Sir Humphrey Appleby would be proud. In four short months, state Labor's well-meaning policy to put forestry on an ecologically sustainable footing has been sidelined, leaving the bureaucrats who ran the show during the Kennett years to get on with business as usual.

The fact that business as usual in the past six weeks has managed to enrage unions, sawmillers, conservationists, local government and community groups has not been enough to jolt the new minister, Sherryl Garbutt, into asserting her authority.

It is an extraordinary metamorphosis for a politician who before the September election was saying all the right things about cleaning up the deeply flawed state regional forest agreements.

The 20-year agreements, which enable unlimited woodchip exports, are supposed to balance timber cutting with other values such as conservation, beekeeping, water catchments, tourism and recreation.

In reality, the agreements signed so far have given little weight to anything other than timber production.

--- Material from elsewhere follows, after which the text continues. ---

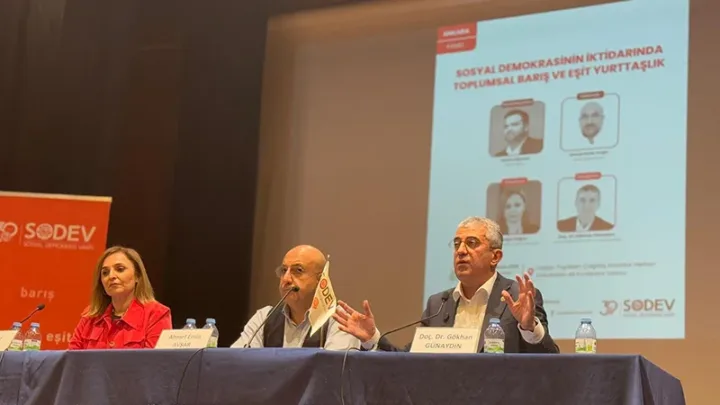 Türkiye İki İhtiyardan Kurtulmalı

Conservation reserves are not permanent. Everything outside a reserve or national park is scheduled to be replaced with even-aged regrowth by the end of the 20 years. Endangered species protection is cursory. Water catchments, tourism and beekeeping are acknowledged with motherhood statements.

Conscious of the biases, Labor promised to put an end to the bureaucratic  secrecy  surrounding forest management, to set up independent public consultation panels and to abide by ecologically sustainable principles.

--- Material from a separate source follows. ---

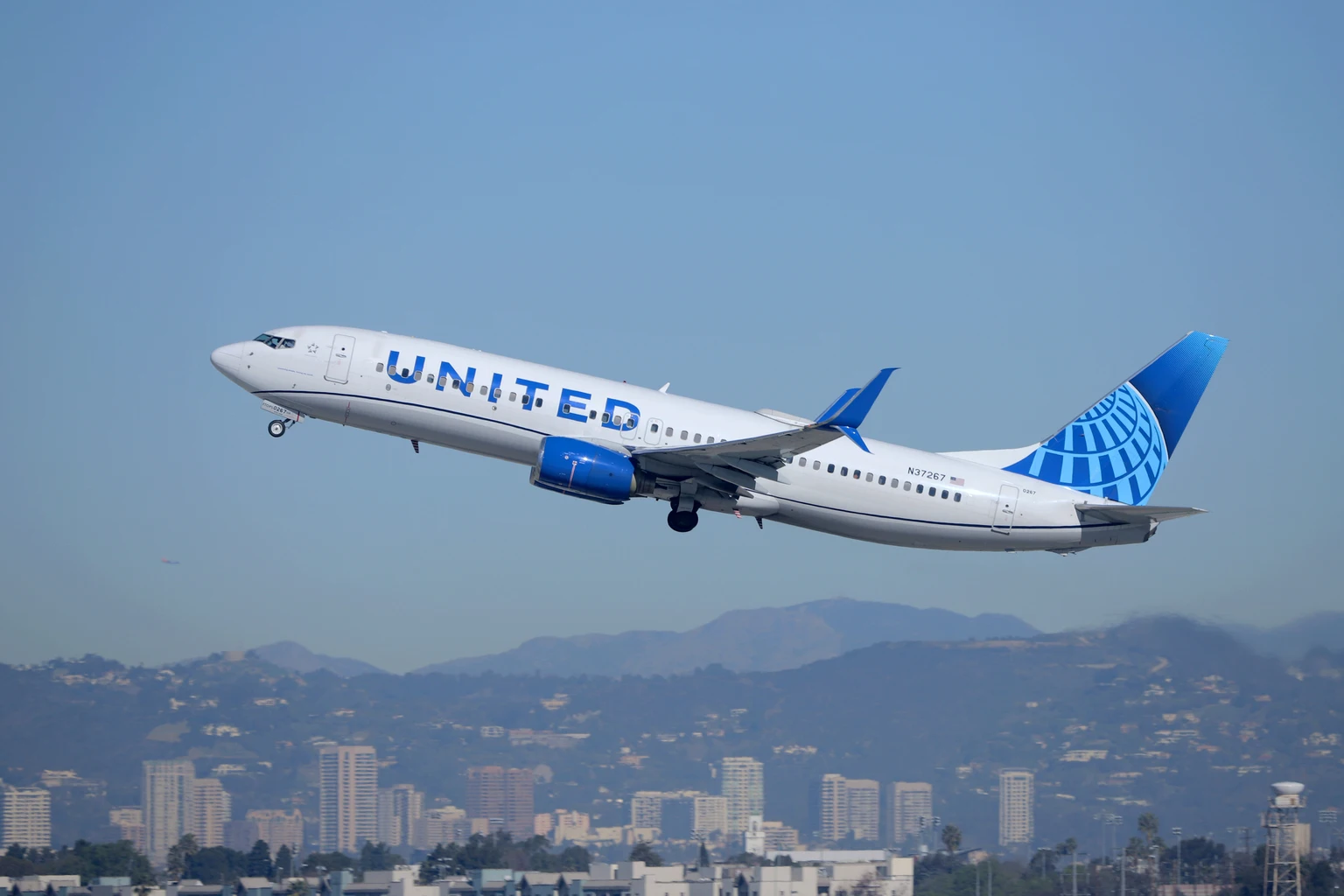 United Airlines: Capacity Growth And Premium Demand Make Shares A Buy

Realising that genuine sustainability would inevitably reduce timber volumes, Labor also promised to protect regional jobs by developing alternatives such as plantations and farm forestry coupled with value-adding to get more out of each log. It was a responsive, responsible policy.

The first test of Labor's commitment came in mid-January when the Department of Natural Resources and Environment put out consultation papers outlining the likely shape of the Gippsland and western Victorian forest agreements.

Remarkably, they contained not a hint of Labor's reforms, but set the scene instead for massive timber job losses, biodiversity decline and continuing tension in the forest. According to this blueprint, the shocking raid on the Goolengook conservationists' camp last week could be a taste of things to come; the tension on both sides is driven by frustration over the way the department has managed the East Gippsland forests.

Garbutt has tried to distance her from the disastrous consultation papers, with the disclaimer that they do not purport to represent the Government's views.  Amid heavy criticism of their contents, her only response is that everyone will have a voice in the final out come through the independent panels, whose hearings begin this week.

Maybe, but the deadline for the agreements is 31 March. This is hardly a timetable to inspire public confidence in a considered outcome. In any case, the stakeholders don't just want their concerns duly noted.  They want a radically different out come. With time running out, it is hard to see this materialising unless the Government does something truly courageous like refuse to sign the agreements with the Common wealth. After all, only woodchip exports depend on the deadline and they could be sourced from other regions if necessary.

Garbutt cannot pretend the situation is merely an unfortunate hangover from past regimes for which she bears no responsibility. She has been in office for more than four months: time enough to turn any ship if the captain is in command.

Four months ago the minister had time and plenty of community goodwill to help her do the job of reforming Victoria's forest management system. Now, unfortunately she has neither.